Wednesday, 12 June 2024

Cameron's Conservative Counter-Coup - Part 1 of 3

History may not repeat itself, but it rhymes. Twelve years ago, I predicted, and explained, the coming petty-bourgeois coup, against Cameron, inside the Conservative Party, and its figurehead, Boris Johnson. The coup was achieved by Johnson becoming the head of the Brexit faction inside the party, even though he didn't believe all of the Brexit nonsense, himself. The conservative, social-democratic majority, inside the parliamentary party, still held him at bay for a while, as they installed May, but the contradictions were such that she could only be an interlude. But, at the D-Day celebrations over the weekend, everyone asked how could Sunak have got it so wrong? The question they should ask is who advised him, and look who was standing, in his place, alongside the world leaders – Foreign Secretary David Cameron.

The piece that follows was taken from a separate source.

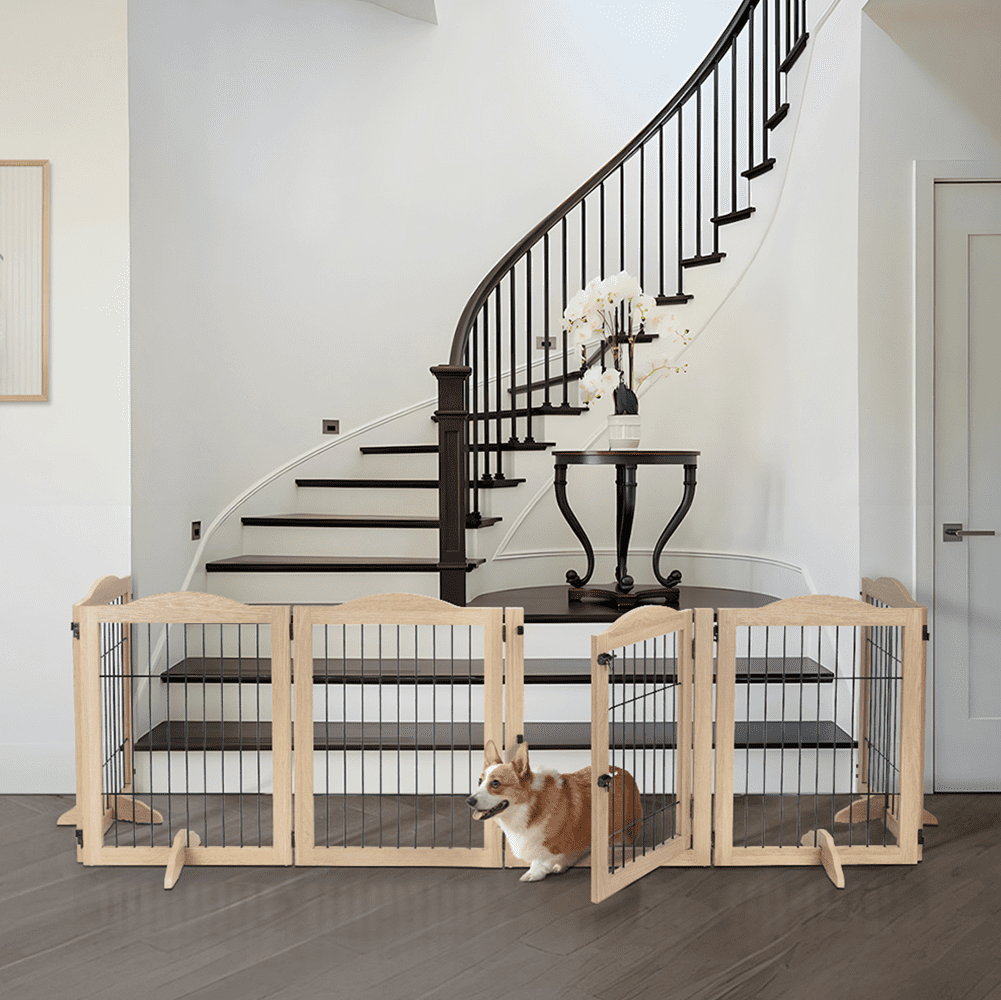 Unipaws 132" Extra Wide Dog Gate and Pet Playpen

As I have set out before, we have seen this before, in similar conditions, in the 19th Century, in what happened in relation to The Repeal of The Corn Laws, itself, a manifestation of a class struggle. At that time, it destroyed the Tory Party, and led to the creation of The Conservative Party, as well as a more general realignment that created the Liberal Party as a social-democratic party, representing the interests of large-scale industrial capital. The same thing, taking the form of Brexit, has again destroyed the Tories, on the rocks of reality, and created the conditions, for a conservative counter-coup, and another realignment. As Blue Labour has adopted those same petty-bourgeois, nationalist ideas of the Tories, becoming a Brexitory party (a petty-bourgeois, nationalist workers party rather than a social-democratic, bourgeois workers party), as it chases the tail of the most backward section of the electorate, and looks set to form a clear majority government, those same realities, and that same process, looks set to destroy it, in the same way, but in shorter order.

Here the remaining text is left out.